For Immediate Release, June 20, 2016
Contact: Michael Robinson, (575) 313-7017, email@example.com
3.2 Million Animals Killed by Federal Wildlife-destruction Program in 2015
Ignoring Calls for Reform, Wildlife Services Kills Half-million More
Coyotes, Bears, Wolves, Foxes, Other Animals Than Previous Year
Despite increasing calls for reform a century after the federal wildlife-killing program began in 1915, the latest kill report indicates that the program’s reckless slaughter continues, including 385 gray wolves, 68,905 coyotes (plus an unknown number of pups in 492 destroyed dens), 480 black bears, 284 mountain lions, 731 bobcats, 492 river otters (all but 83 killed “unintentionally”), 3,437 foxes, two bald eagles and 21,559 beavers. The program also killed 20,777 prairie dogs outright, plus an unknown number killed in more than 59,000 burrows that were destroyed or fumigated.
“Despite mounting public outcry and calls from Congress to reform these barbaric, outdated tactics, Wildlife Services continues its slaughter of America’s wildlife with no public oversight,” said Michael Robinson of the Center for Biological Diversity. “There’s simply no scientific basis for continuing to shoot, poison and strangle millions of animals every year — a cruel practice that not only fails to effectively manage targeted wildlife but poses an ongoing threat to other animals, including pets.”
Agency insiders have revealed that the agency kills many more animals than it reports.
The data show that the Department of Agriculture boosted its killing program despite a growing public outcry and calls for reform by scientists, elected officials and nongovernmental organizations.
“The Department of Agriculture should get out of the wildlife-slaughter business,” said Robinson. “Wolves, bears and other carnivores help keep the natural balance of their ecosystems.
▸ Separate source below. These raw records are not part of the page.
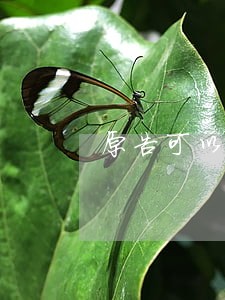 原告可以不理会被告律师吗 原告可以不理会被告律师吗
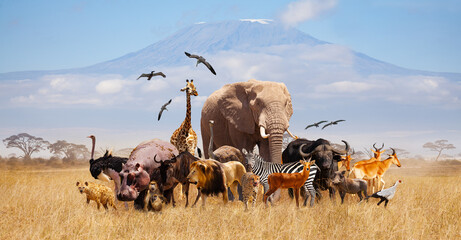 Group of many African animals giraffe, lion, elephant, monkey and others stand together in with Kilimanjaro mountain on background - obrazy, fototapety, plakaty
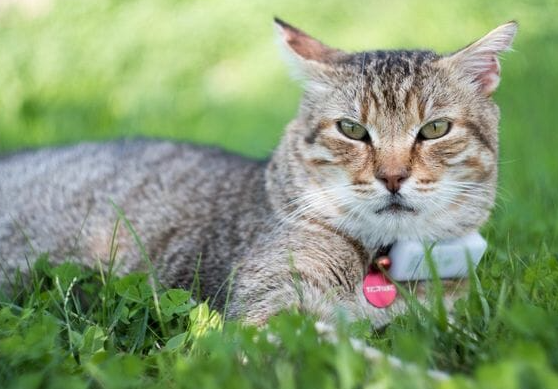 collari con gps per gatti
Our government kills off the predators, such as coyotes, and then kills off their prey — like prairie dogs — in an absurd, pointless cycle of violence.”
USDA’s Wildlife Services program began in 1915 when Congress appropriated $125,000 to the Bureau of Biological Survey for “destroying wolves, coyotes, and other animals injurious to agriculture and animal husbandry” on national forests and other public lands.
By the 1920s scientists and fur trappers were robustly criticizing the Biological Survey’s massive poisoning of wildlife, and in response in 1928 the agency officially renounced “extermination” as its goal. Nevertheless it proceeded to exterminate wolves, grizzly bears, black-footed ferrets and other animals from most of their remaining ranges in the years to follow. The agency was blocked from completely exterminating these species through the 1973 passage of the Endangered Species Act.
In 1997, after several name changes, the deceptive name “Wildlife Services” was inaugurated in place of “Biological Survey.”
The Center for Biological Diversity is a national, nonprofit conservation organization with more than 1 million members and online activists dedicated to the protection of endangered species and wild places.